Не плачь, Рапунцель! - Елена Ивановна Логунова
Шрифт:
Интервал:
Закладка:
– Пока не ответил, хотя сообщение прочитал… А ты думаешь, этот Мухаммад – тот самый Миша?
– А почему нет?
– Типаж у него не тот, да и сюжет тут совсем другой, мне кажется. Стал бы герой-любовник, направляясь к своей милой, попутно жестоко убивать соседей? Ну не вяжется одно с другим.
– Точно, это же не одной секунды дело – двух человек убить, – согласился рассудительный Архипов. – И в пленку замотать, и на балконе уложить… А он спешил к любимой, не стал бы столько времени терять. Да и любовный настрой после двойного убийства мог улетучиться.
– А что ему мешало убить Смурновых на обратном пути, когда любовному настрою уже ничего не грозило? – не отступилась от своей версии Ирка.
– Отсутствие мотива?
– А мы не знаем, отсутствовал у него мотив или присутствовал!
– Это верно. – Я не стала спорить. – Но данная версия ломает уже сложившуюся у нас картину преступления. Мы ведь с вами думали, что убийца вошел в дверь, а тут получается – влез в окно!
– И что?
– А то, что мы же уже решили: убийца спокойно сделал свое черное дело, поскольку Смурновых не удивило и не встревожило его появление! Ты думаешь, войди он в квартиру на девятом этаже с балкона, они бы не шокировались?!
Ирка немного подумала и неуверенно сказала:
– Он мог войти с балкона в кухню, когда Смурновы находились в комнате. И они просто не поняли, что он попал в квартиру не через дверь.
– Чтобы не заметить, как открылась входная дверь, они должны были стоять к ней спиной, – возразила я. – А это значит – лицом к окну! Следовательно, они увидели бы человека, идущего по карнизу. Окно комнаты ближе к квартире-борделю, чем балкон.
– Вот видишь, как плохо, что я не имела возможности осмотреть место преступления! – сердито заключила подруга. – Тем не менее считаю, снимать подозрения с Мухаммада слишком рано.
– Не будем пока снимать, – согласилась я, чтобы ее успокоить.
– И следователь не будет, я надеюсь, – добавил Архипов. – Не сочтите за эгоизм, но пусть лучше подозреваемым будет Мухаммад, чем я или вы, Лена.
– Что-то мне жалко Мухаммада, – нелогично заявила Ирка. – Вы-то за себя постоите, а вот он, бедняга…
Мы с Архиповым переглянулись, но промолчали.
– Ну, если на сегодня у нас все, я побежал. – Он первым встал из-за стола и, завязывая шарф, похвастался: – Купил в Русском музее единый билет в два дворца – Мраморный и Строгановский, почти на пятьсот рублей дешевле вышло, чем порознь.
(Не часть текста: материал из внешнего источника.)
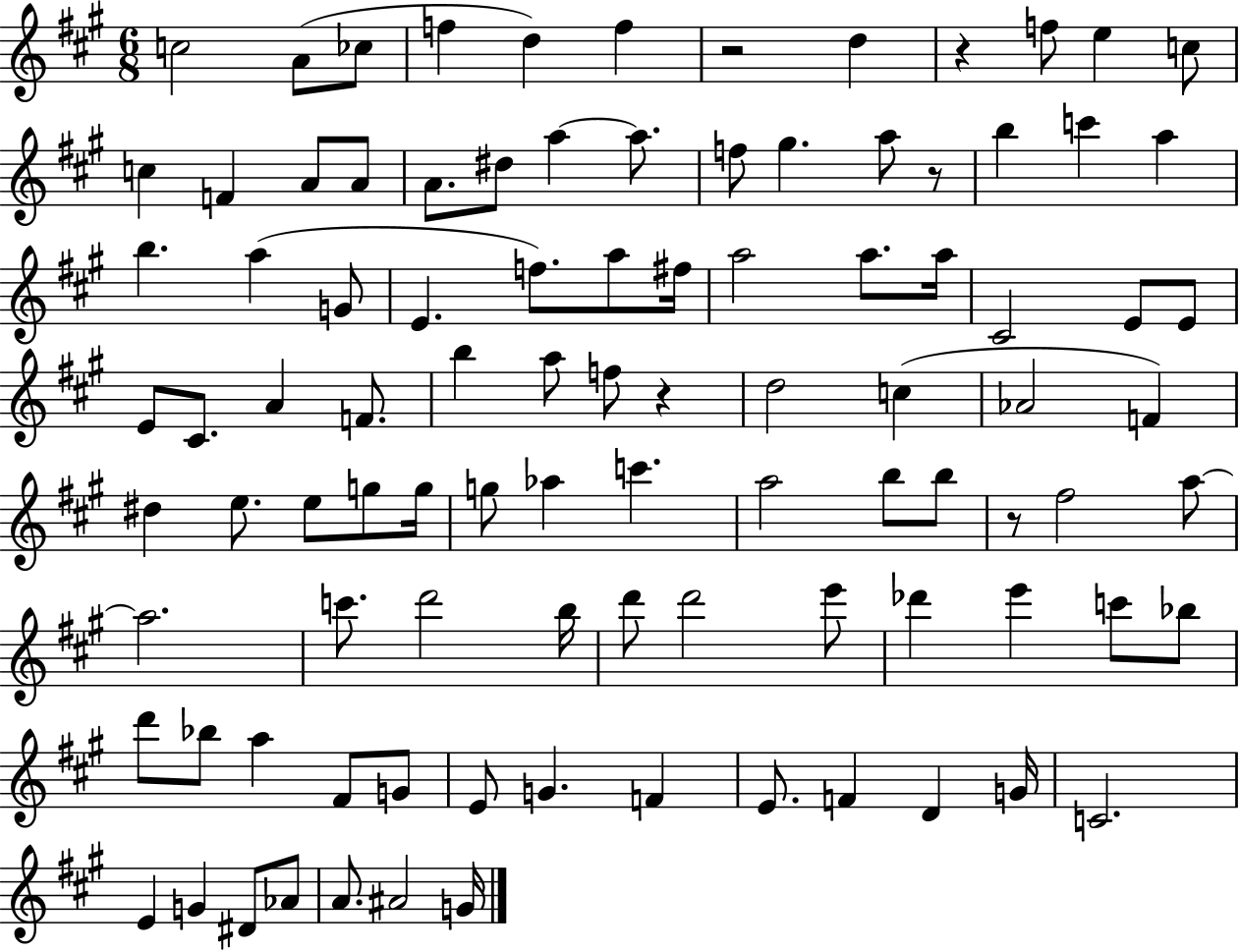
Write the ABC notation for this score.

X:1
T:Untitled
M:6/8
L:1/4
K:A
c2 A/2 _c/2 f d f z2 d z f/2 e c/2 c F A/2 A/2 A/2 ^d/2 a a/2 f/2 ^g a/2 z/2 b c' a b a G/2 E f/2 a/2 ^f/4 a2 a/2 a/4 ^C2 E/2 E/2 E/2 ^C/2 A F/2 b a/2 f/2 z d2 c _A2 F ^d e/2 e/2 g/2 g/4 g/2 _a c' a2 b/2 b/2 z/2 ^f2 a/2 a2 c'/2 d'2 b/4 d'/2 d'2 e'/2 _d' e' c'/2 _b/2 d'/2 _b/2 a ^F/2 G/2 E/2 G F E/2 F D G/4 C2 E G ^D/2 _A/2 A/2 ^A2 G/4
– Оформите единую карту петербуржца, еще три процента сэкономите, – посоветовала я, и оба мои товарища посмотрели на меня с уважением.
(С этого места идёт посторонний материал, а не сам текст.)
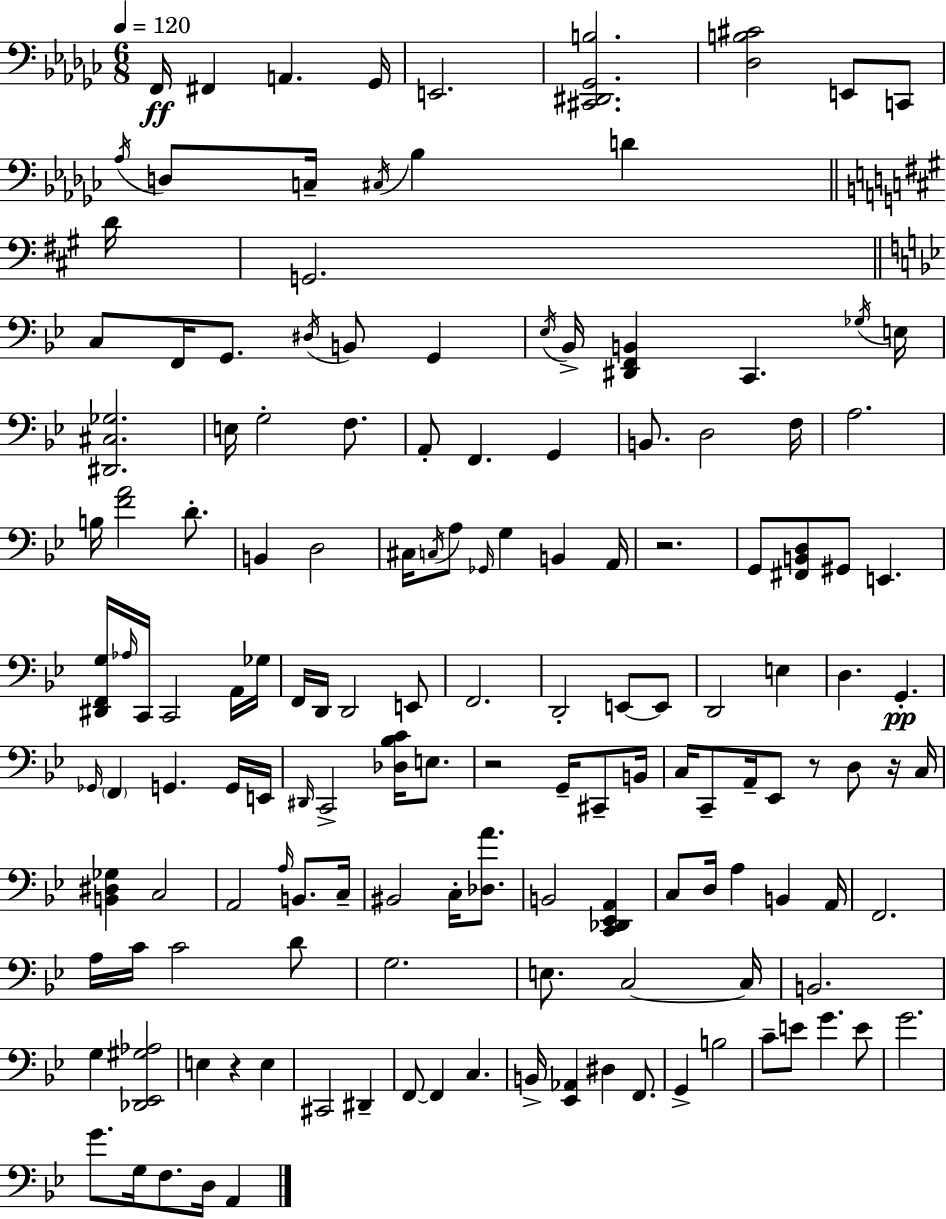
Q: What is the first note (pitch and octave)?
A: F2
– А ты освоилась тут уже, – похвалила Ирка, когда Архипов убежал.
– Я? Это ты Колюшку не слышала. Я его спрашиваю: «Сын, сколько пончиков тебе купить?» А он мне: «Не пончиков, а пышек, мама! Пять штук. А на ужин – куру с гречей».
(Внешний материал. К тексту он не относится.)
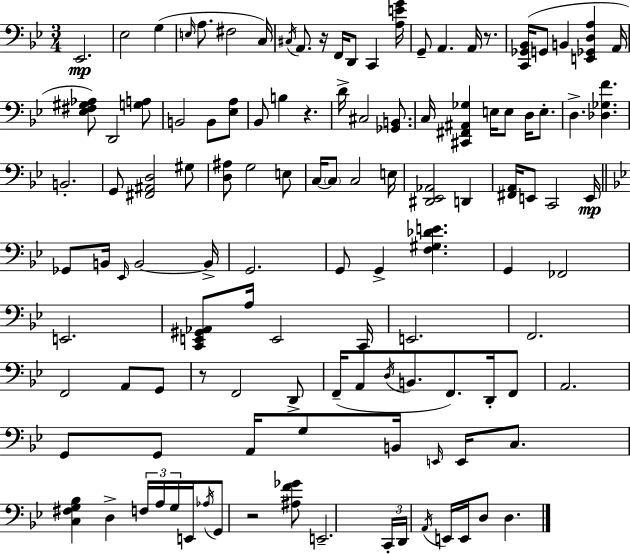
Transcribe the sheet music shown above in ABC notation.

X:1
T:Untitled
M:3/4
L:1/4
K:Gm
_E,,2 _E,2 G, E,/4 A,/2 ^F,2 C,/4 ^C,/4 A,,/2 z/4 F,,/4 D,,/2 C,, [A,EG]/4 G,,/2 A,, A,,/4 z/2 [C,,_G,,_B,,]/4 G,,/2 B,, [E,,_G,,D,A,] A,,/4 [_E,^F,^G,_A,]/2 D,,2 [G,A,]/2 B,,2 B,,/2 [_E,A,]/2 _B,,/2 B, z D/4 ^C,2 [_G,,B,,]/2 C,/4 [^C,,^F,,^A,,_G,] E,/4 E,/2 D,/4 E,/2 D, [_D,_G,F] B,,2 G,,/2 [^F,,^A,,D,]2 ^G,/2 [D,^A,]/2 G,2 E,/2 C,/4 C,/2 C,2 E,/4 [^D,,_E,,_A,,]2 D,, [^F,,A,,]/4 E,,/2 C,,2 E,,/4 _G,,/2 B,,/4 _E,,/4 B,,2 B,,/4 G,,2 G,,/2 G,, [F,^G,_DE] G,, _F,,2 E,,2 [C,,E,,^G,,_A,,]/2 A,/4 E,,2 C,,/4 E,,2 F,,2 F,,2 A,,/2 G,,/2 z/2 F,,2 D,,/2 F,,/4 A,,/2 D,/4 B,,/2 F,,/2 D,,/4 F,,/2 A,,2 G,,/2 G,,/2 A,,/4 G,/2 B,,/4 E,,/4 E,,/4 C,/2 [C,^F,G,_B,] D, F,/4 A,/4 G,/4 E,,/4 _A,/4 G,,/2 z2 [^A,F_G]/2 E,,2 C,,/4 D,,/4 A,,/4 E,,/4 E,,/4 D,/2 D,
– Ага, причем можно взять все это навынос и съесть, сидя на поребрике у парадной, – съязвила Ирка. – Главное, чтобы в этот момент сосулей не пришибло!
– Ты тоже быстро адаптируешься, – засмеялась я.
– Зря, что ли, в историческом центре Петербурга живу… Кстати, не хочешь заглянуть в гости? Мне нужна твоя помощь, чтобы сдерживать зверя.
– А от чего ты тут звереешь? – с интересом уточнила я.
Меня в Питере бесит манера местных жителей кашлять, не прикрываясь ладошкой. «Все равно мы живем в ужасном климате, в городе на болотах, так что от заразы никому не спастись, поэтому и стараться не стоит», – наверное, рассуждают они.
– Я не о своем внутреннем звере, он еще спит, – ответила Ирка.
Ну да, она же совсем недавно приехала.
– Я о Вольке. Он не дает мне разобрать елочные игрушки, лезет в коробку, норовит украсть из нее шары… – Судя по тону, подруга начала заводиться.
Ее внутренний зверь потянулся и хищно оскалился.
– Еще только начало декабря! Не рано доставать игрушки?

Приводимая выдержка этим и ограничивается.